The following describes the available data sets and how each is used to construct the TDS model. Resistivity, porosity, temperature, and bicarbonate concentration data are used to make TDS predictions at discrete locations in the volume of analysis. Those values are interpolated throughout the entire volume using kriging. The TDS model is parameterized using mathematical optimization with the sum of squared residuals as the objective function to be minimized. Note that a similar method using borehole measurements for salinity estimation has been termed the resistivity-porosity (RP) method in some antecedent literature (Lyle 1988; Peterson 1991; Lindner-Lunsford and Bruce 1995; Schnoebelen et al. 1995; Hamlin and Rocha 2015; Gillespie et al. 2017).
Data
This work relies on the following six datasets, to be discussed in turn:
-
1.
TDS measurements from produced water samples from 64 oil wells
-
2.
TDS measurements from groundwater samples from 152 water wells
-
3.
Borehole logs for formation resistivity from 40 oil wells
-
4.
Porosity model inputs from 10 oil wells
-
5.
Temperature model inputs from 37 oil wells
-
6.
Bicarbonate model inputs from 27 oil wells
Figure S1 of the electronic supplementary material (ESM) shows the date distributions of datasets 1 and 3.
Dataset 1: produced water TDS measurements
Geochemical measurements of produced water samples from Fruitvale and Rosedale Ranch oil fields are used as the ground truth for TDS when setting the first-order parameters of the model (Fig. 1). The data come from a compilation of produced water chemical analyses (DOGGR 2017a), a Division of Oil, Gas, and Geothermal Resources (DOGGR) database for underground injection control (UIC) wells that includes data for the TDS of water for selected wells and zones, and the US Geological Survey National Produced Water Database (Gillespie et al. 2017; Metzger et al. 2018; USGS 2017). These data sources list data collected by well operators.

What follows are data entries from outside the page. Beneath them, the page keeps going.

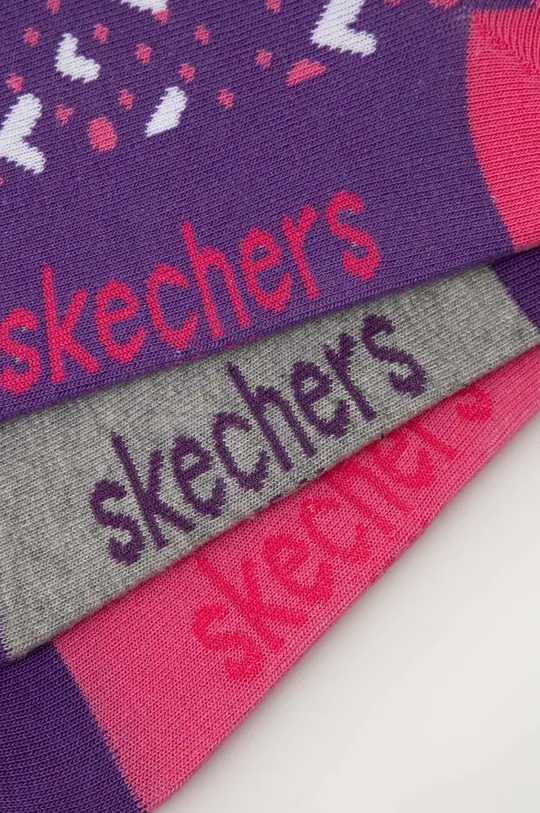Otroške nogavice Skechers 3-pack vijolična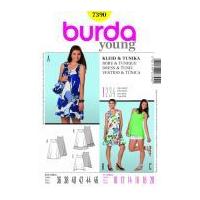 Burda Ladies Easy Sewing Pattern 7390 Swinging Flared Dresses & Top
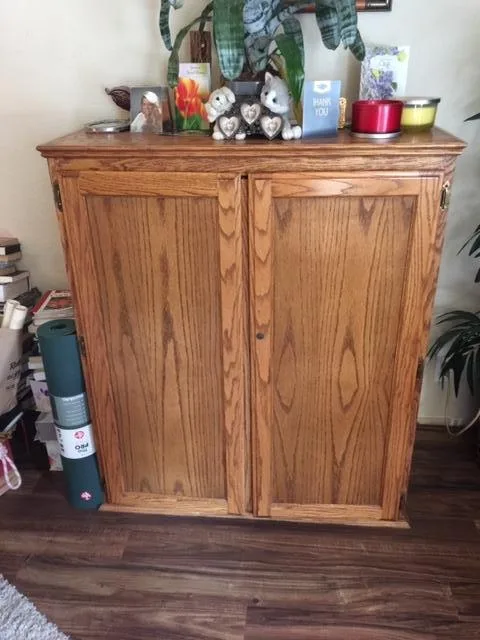 CUSTOM MADE OAK CDMOVIE STORAGE CABINET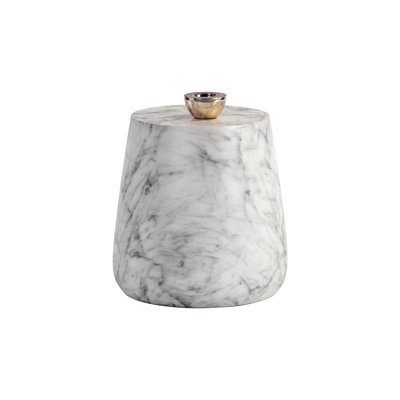 ARIES SIDE TABLE - MARBLE LOOK - BLACK by Orren Ellis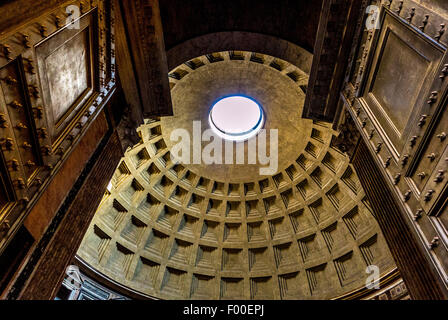 Porte con apertura in occhio interiore. Il Pantheon. Antico tempio romano. Ora una chiesa cristiana. Roma, Italia. Foto Stock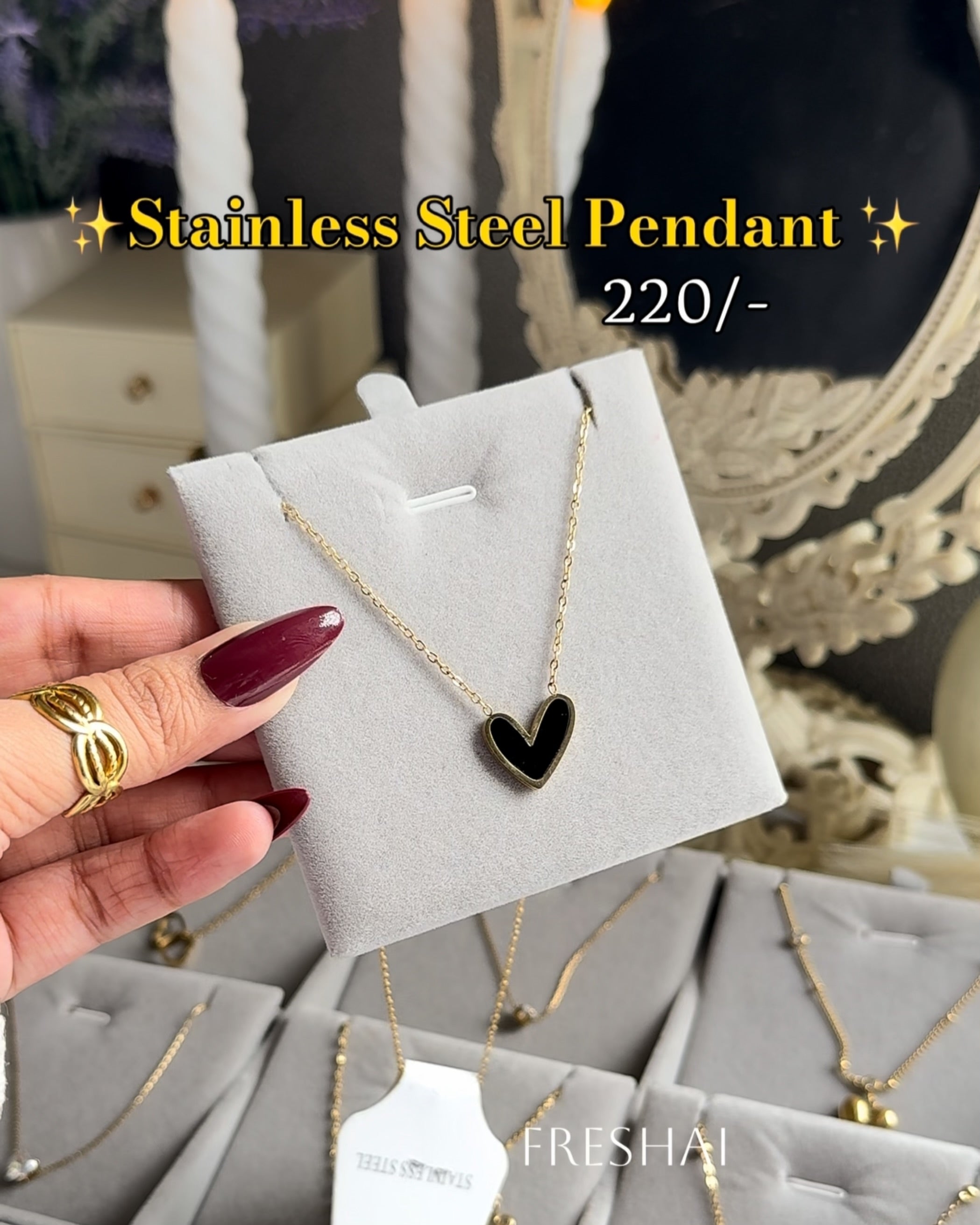 Black Heart Stainless Steel Pendant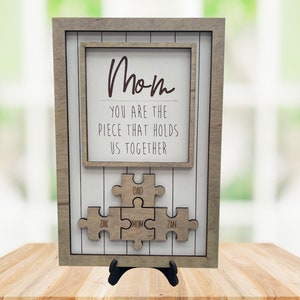 Mom Puzzle Sign Mothers Day Gift 2024 You Are The Piece That Holds Us Together Personalized Custom Gift Perfect Mom Mum Mommy Grandma image 1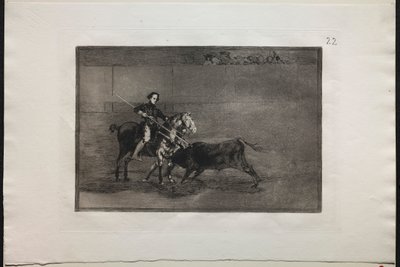 Tyrekamp: Manly Courage of the Celebrated Pajuelera in the Ring at Saragosa, 1876. av Francisco de Goya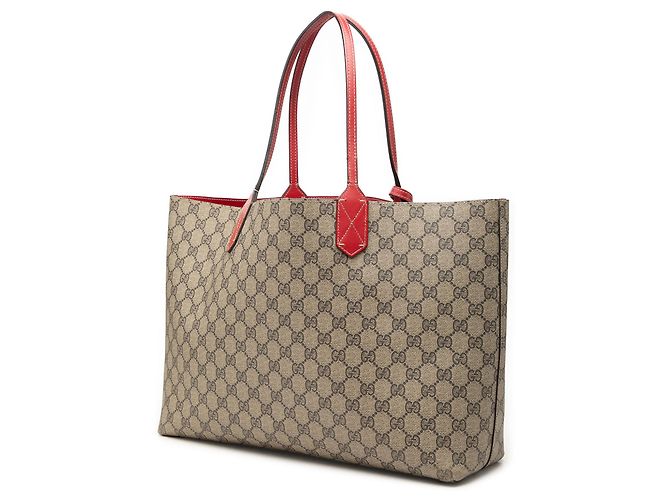Gucci Beige GG Supreme Wendbare Tote Bag - Ansicht 2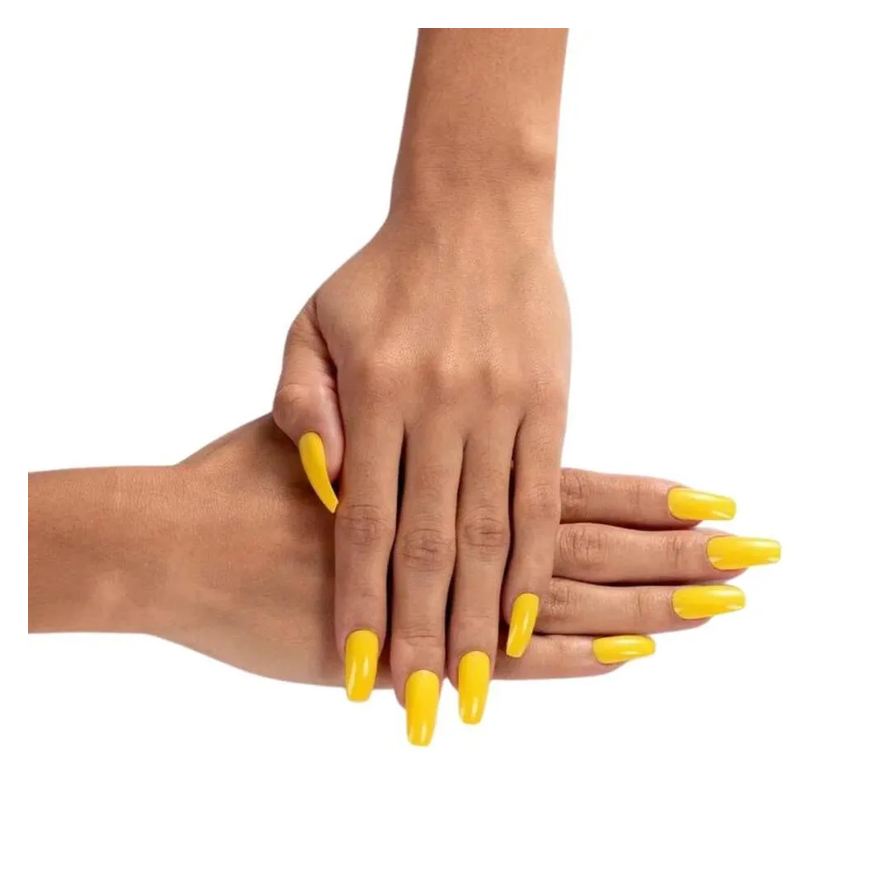 Postiças Unhas Colors Kiss New York Amarelo Canário Bailarina Longo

This dataset consists of 64 data points, each with x and y (denoting well location), z (elevation relative to sea level, as calculated from the depth of the top perforation of the well), and a TDS value. The data are available from Metzger et al. (2018). Counts by oil field and stratigraphic unit are shown in Table 1.
Table 1 Number of TDS measurements by oil field and stratigraphic unit Dataset 2: water well TDS measurements
Historical geochemical analyses of samples from water wells in the area compiled by Metzger et al. (2018) provide an additional 152 TDS values (Fig. 1). Water wells are shallow compared to oil and gas wells and are typically used for irrigation or as domestic or public water supply. Bottom perforations range from 114 m (375 ft) above sea level to 112 m (367 ft) below sea level. These observations are used only to visualize TDS at shallow depths where the geophysical logs do not provide coverage. They are not used in the setting of model parameters because they are out of the coverage area of geophysical logs.
Dataset 3: borehole logs for formation resistivity
Borehole logs (also known as geophysical well logs or well logs) were obtained from the DOGGR website (DOGGR 2017b) as raster images, which were digitized to convert into numerical values with a commercial software program from Neuralog (Neuralog 2018). Most well logs prior to the 1980s lack the data needed to estimate formation porosity, but older logs such as these comprise the primary dataset due to their availability and spatial distribution in the study area (Fig. 1). These logs have readings for spontaneous potential (SP) and formation resistivity (Rt) with depth. Formation resistivity readings are essentially a depth-continuous measurement but, for this dataset, a discrete number of measurements, at depths that correspond to clay-free (“clean”) sands were chosen to minimize the impact of electrical charges present in clay minerals and associated bound water on the results. The clean sand zones were found by analyzing the SP curve and the deep and shallow resistivity curves (for details see p. 77, Asquith and Krygowski 2004). Measurements were discarded in the oil-bearing zone, which was inferred from the perforation interval, core analyses, mudlogs, and from driller’s notes when available. The presence of oil and gas causes resistivity to increase so that it does not accurately represent the resistivity of the formation water. This allows for the exclusion of the effects of clay and hydrocarbons and for the assumption that all resistivity measurements represent only rock and water.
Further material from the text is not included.